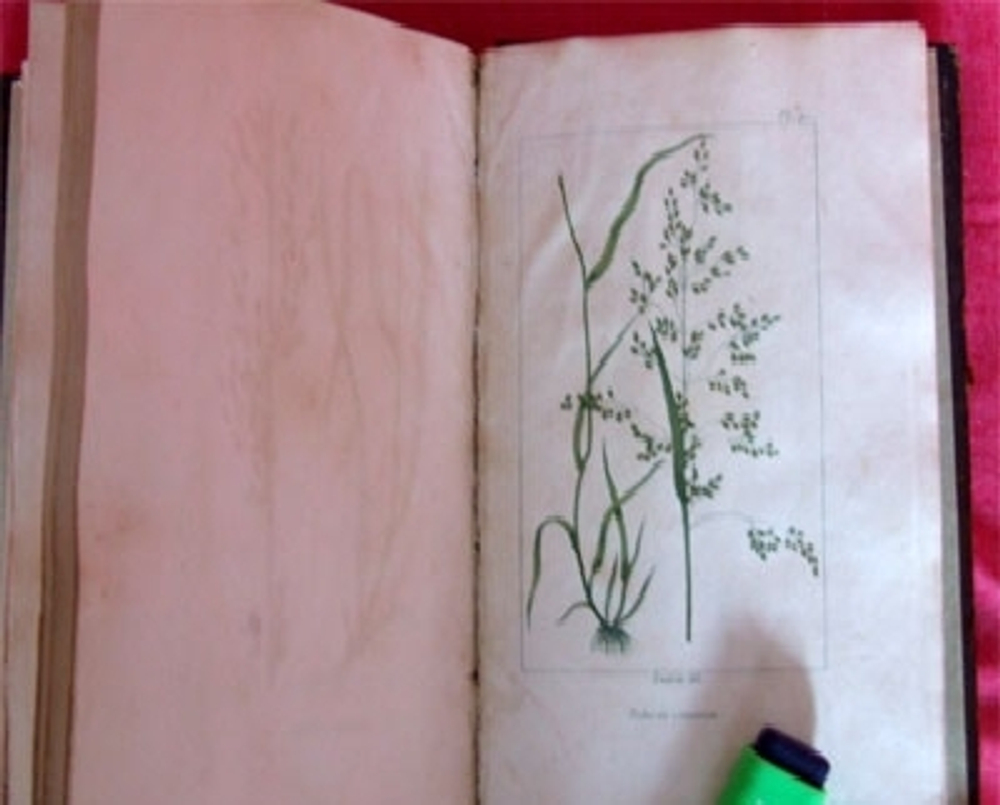 "Traite des prairies naturelles et artificielles (Обработка естественных и искусственных лугопастбищных угодий)". Par M.Boitard (Жозеф-Эдуард Буатард ). 1827г. - антикварное издание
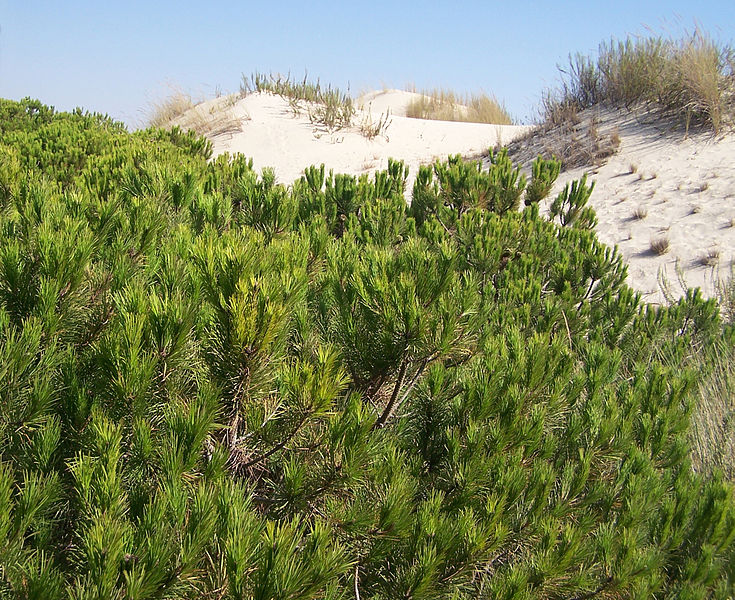 File:Pinus pinea foliage Doñana.jpg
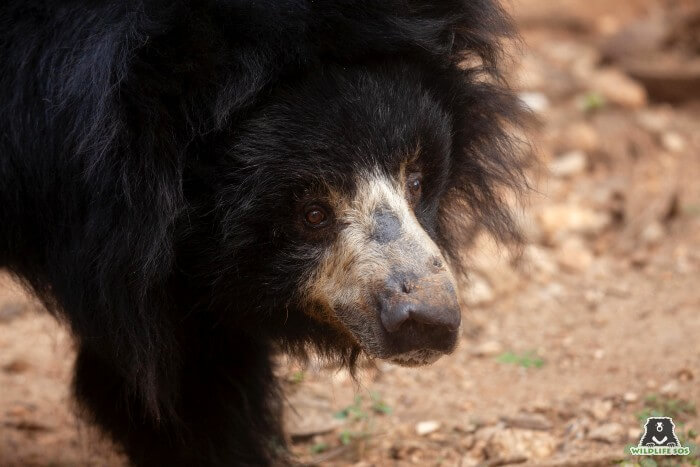 Chitra was rescued as a dancing bear from Karnataka.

_ _ _

▶ **Work order**: Reproduce, unchanged, each line between the one with "File:Pinus pinea foliage Doñana.jpg" and the last line of the material, both included; the pictures do not go in.

▶ **Result for this exercise**:
 File:Pinus pinea foliage Doñana.jpg
 Chitra was rescued as a dancing bear from Karnataka.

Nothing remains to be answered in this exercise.